::: The data

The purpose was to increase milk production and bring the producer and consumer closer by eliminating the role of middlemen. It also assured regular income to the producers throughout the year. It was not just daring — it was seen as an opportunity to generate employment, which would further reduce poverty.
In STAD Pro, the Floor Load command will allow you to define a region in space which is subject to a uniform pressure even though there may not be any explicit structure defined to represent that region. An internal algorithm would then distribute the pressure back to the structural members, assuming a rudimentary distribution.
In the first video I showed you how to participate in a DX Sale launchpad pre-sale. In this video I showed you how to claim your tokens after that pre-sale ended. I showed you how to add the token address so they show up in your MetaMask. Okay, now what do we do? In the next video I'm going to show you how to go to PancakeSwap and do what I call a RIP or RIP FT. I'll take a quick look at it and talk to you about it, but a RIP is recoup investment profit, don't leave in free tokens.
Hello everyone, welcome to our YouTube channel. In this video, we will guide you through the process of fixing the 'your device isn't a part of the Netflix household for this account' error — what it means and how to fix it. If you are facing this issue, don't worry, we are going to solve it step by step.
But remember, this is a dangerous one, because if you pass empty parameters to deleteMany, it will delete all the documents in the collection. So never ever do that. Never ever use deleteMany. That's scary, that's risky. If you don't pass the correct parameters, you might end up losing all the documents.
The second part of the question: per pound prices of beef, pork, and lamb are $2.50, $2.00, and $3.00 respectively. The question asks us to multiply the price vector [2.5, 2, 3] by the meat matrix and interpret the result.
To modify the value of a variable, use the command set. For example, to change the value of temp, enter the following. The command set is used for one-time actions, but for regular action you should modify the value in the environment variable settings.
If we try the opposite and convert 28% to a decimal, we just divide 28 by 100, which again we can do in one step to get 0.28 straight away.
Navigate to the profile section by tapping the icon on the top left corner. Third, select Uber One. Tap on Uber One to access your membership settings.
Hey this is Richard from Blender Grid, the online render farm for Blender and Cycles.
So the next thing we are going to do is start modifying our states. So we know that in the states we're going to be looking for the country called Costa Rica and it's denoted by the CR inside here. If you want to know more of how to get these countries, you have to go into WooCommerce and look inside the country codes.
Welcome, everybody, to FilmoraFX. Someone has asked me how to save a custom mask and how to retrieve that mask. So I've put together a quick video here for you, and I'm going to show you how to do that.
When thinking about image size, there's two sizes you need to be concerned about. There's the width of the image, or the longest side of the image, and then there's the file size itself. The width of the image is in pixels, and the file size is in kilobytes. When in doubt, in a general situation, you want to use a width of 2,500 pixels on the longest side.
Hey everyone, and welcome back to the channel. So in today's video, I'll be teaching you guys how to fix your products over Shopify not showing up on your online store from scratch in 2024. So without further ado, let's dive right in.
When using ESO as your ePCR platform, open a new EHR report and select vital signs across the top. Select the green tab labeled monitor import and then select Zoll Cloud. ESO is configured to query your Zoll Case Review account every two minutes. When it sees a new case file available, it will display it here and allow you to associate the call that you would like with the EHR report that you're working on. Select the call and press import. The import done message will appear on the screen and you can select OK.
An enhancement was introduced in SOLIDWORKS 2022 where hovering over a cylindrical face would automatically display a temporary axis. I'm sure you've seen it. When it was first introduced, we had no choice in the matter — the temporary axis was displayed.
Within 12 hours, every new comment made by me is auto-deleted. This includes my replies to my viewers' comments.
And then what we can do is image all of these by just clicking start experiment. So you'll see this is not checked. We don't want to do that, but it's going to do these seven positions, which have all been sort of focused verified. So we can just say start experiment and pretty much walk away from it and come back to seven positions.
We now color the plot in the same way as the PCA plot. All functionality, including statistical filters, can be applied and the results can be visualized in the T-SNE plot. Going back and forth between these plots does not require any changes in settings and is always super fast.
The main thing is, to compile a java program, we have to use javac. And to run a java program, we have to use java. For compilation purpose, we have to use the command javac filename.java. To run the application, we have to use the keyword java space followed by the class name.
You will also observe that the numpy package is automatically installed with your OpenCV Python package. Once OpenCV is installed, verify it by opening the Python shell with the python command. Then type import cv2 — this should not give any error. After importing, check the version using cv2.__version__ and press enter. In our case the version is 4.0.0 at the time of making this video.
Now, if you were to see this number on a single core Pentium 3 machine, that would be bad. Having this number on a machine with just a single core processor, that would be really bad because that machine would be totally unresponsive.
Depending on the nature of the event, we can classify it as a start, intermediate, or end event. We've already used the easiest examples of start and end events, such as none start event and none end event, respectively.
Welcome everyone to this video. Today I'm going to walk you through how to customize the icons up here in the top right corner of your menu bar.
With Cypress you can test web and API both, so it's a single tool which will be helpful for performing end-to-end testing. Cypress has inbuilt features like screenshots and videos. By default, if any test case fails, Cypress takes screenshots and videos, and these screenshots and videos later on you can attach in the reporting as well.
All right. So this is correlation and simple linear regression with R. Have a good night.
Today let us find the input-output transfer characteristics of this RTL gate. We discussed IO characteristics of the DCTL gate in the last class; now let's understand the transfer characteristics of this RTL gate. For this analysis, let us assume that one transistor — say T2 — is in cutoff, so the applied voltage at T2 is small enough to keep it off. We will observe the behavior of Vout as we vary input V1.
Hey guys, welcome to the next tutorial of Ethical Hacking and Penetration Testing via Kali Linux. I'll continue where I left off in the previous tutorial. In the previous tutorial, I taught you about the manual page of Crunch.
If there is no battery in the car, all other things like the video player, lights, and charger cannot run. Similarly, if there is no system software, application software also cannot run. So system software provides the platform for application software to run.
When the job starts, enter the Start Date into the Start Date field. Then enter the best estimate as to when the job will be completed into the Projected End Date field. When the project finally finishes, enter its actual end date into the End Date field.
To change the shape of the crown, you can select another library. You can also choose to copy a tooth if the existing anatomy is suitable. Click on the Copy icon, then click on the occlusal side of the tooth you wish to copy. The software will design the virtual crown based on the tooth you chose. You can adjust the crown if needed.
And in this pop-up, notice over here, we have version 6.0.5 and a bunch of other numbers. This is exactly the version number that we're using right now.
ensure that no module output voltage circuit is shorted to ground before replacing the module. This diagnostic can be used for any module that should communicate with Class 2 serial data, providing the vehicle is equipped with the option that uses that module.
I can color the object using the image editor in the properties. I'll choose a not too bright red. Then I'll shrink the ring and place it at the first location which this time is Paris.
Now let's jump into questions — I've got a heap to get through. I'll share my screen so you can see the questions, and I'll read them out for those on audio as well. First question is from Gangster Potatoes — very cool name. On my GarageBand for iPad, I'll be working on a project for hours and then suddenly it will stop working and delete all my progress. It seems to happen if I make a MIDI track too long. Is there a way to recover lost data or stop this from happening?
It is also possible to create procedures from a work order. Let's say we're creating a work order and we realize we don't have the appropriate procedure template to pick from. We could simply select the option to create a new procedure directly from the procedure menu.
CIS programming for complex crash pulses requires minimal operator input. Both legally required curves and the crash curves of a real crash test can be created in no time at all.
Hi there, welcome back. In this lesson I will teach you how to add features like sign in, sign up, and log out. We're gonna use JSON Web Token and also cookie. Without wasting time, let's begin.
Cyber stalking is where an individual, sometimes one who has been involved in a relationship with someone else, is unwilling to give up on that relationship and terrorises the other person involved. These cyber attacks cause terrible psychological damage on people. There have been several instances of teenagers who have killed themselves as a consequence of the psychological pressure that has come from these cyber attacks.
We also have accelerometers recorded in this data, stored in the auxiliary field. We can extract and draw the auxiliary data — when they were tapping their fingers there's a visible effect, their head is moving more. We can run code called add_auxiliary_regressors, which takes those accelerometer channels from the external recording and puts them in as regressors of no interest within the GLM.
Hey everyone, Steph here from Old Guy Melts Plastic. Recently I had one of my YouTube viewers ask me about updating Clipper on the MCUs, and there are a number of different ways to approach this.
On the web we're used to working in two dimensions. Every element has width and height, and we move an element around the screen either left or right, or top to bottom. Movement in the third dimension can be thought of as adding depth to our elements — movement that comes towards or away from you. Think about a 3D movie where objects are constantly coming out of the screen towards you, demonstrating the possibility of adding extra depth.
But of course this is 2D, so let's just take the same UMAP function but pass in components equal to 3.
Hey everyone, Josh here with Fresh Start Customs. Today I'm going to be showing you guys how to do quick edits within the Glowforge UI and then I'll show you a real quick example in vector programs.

::::::

Goal of the exercise:
The answer must be one number, the count of lines above that hold the word "online".

Result for this task:
2